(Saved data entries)
__________

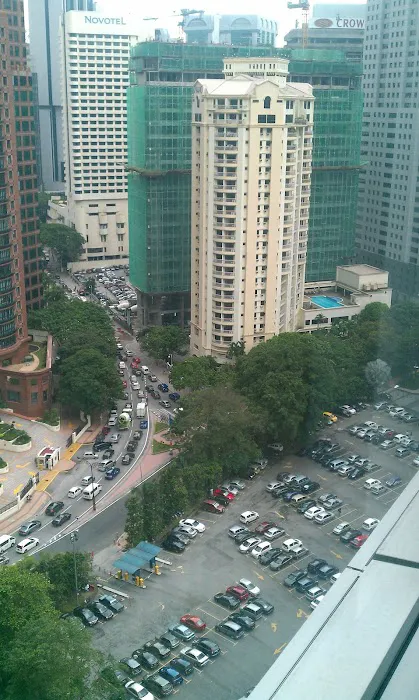 KLCC Parkview 1 Picture 8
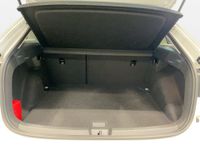Volkswagen Taigo - Vorschau Bild 14
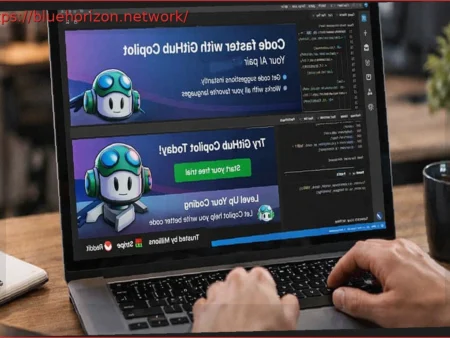 Microsoft cambiará GitHub Copilot a un modelo por tokens y reducirá los límites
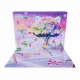 Spin Master Gabby's Dollhouse 6076264 #5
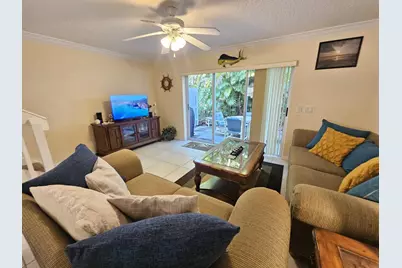 504 Seaport Boulevard #162, Cape Canaveral, FL 32920 - Photo 9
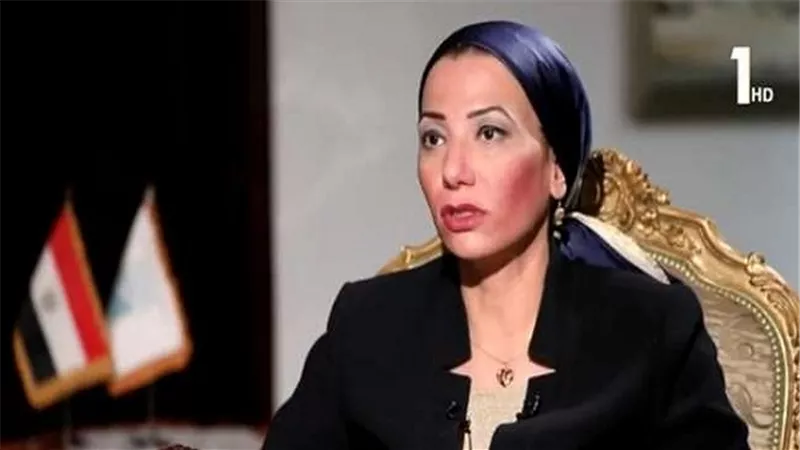 البيئة: رئيس جهاز شئون البيئة يتفقد إستعدادات  الوزارة لموسم قش الأرز 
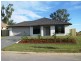 28 Eric Drive, Blackstone QLD 4304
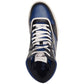 Men's C202 Soft Nature High Top Fashion Athletic Sneaker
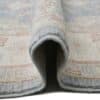 Ziegler Rug 295cm x 198cm / 9ft 8in x 6ft 6in - Image 6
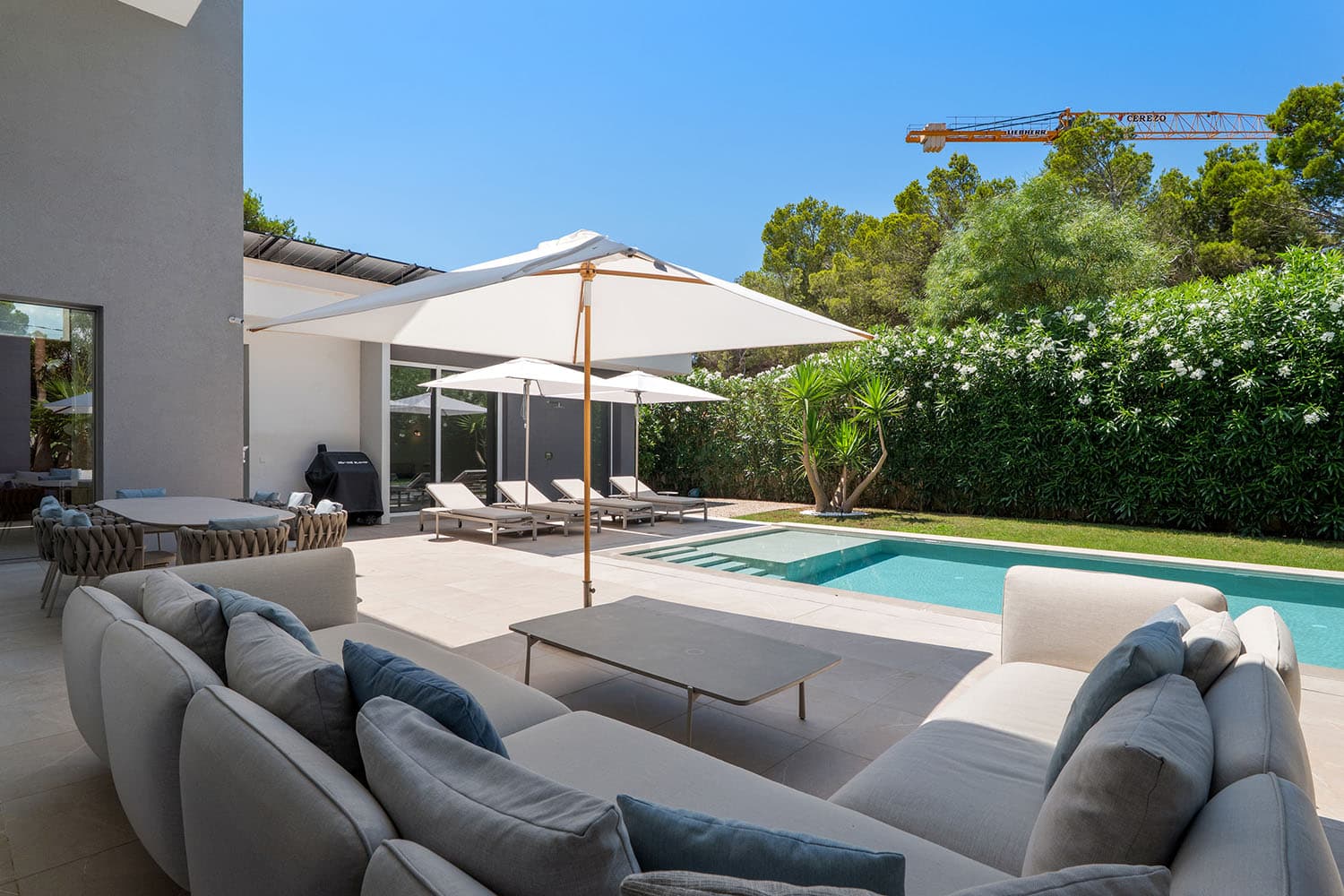 27027-villa-santa-ponsa-suchen-b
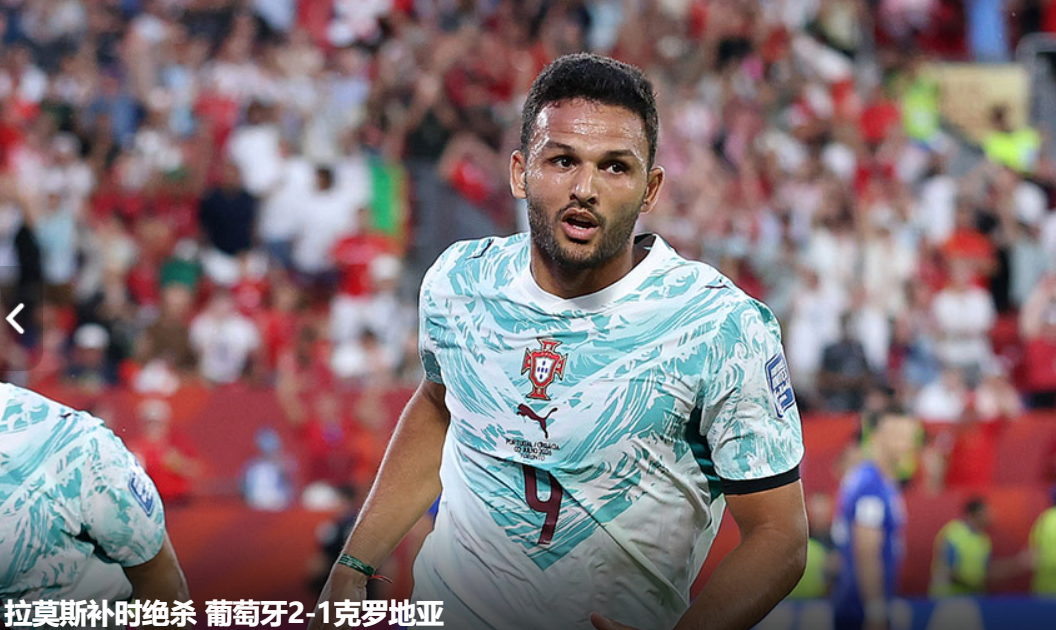 利物浦主场2比2平森林,伊劳拉不满上半场表现及换人牌故障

__________

## WHAT YOU NEED TO DO
Restate word for word, and only, the lines from the line that contains "27027-villa-santa-ponsa-suchen-b" through the end of the data, both included; pictures are not part of the copy.

## FINISHED EXERCISE
 27027-villa-santa-ponsa-suchen-b
 利物浦主场2比2平森林,伊劳拉不满上半场表现及换人牌故障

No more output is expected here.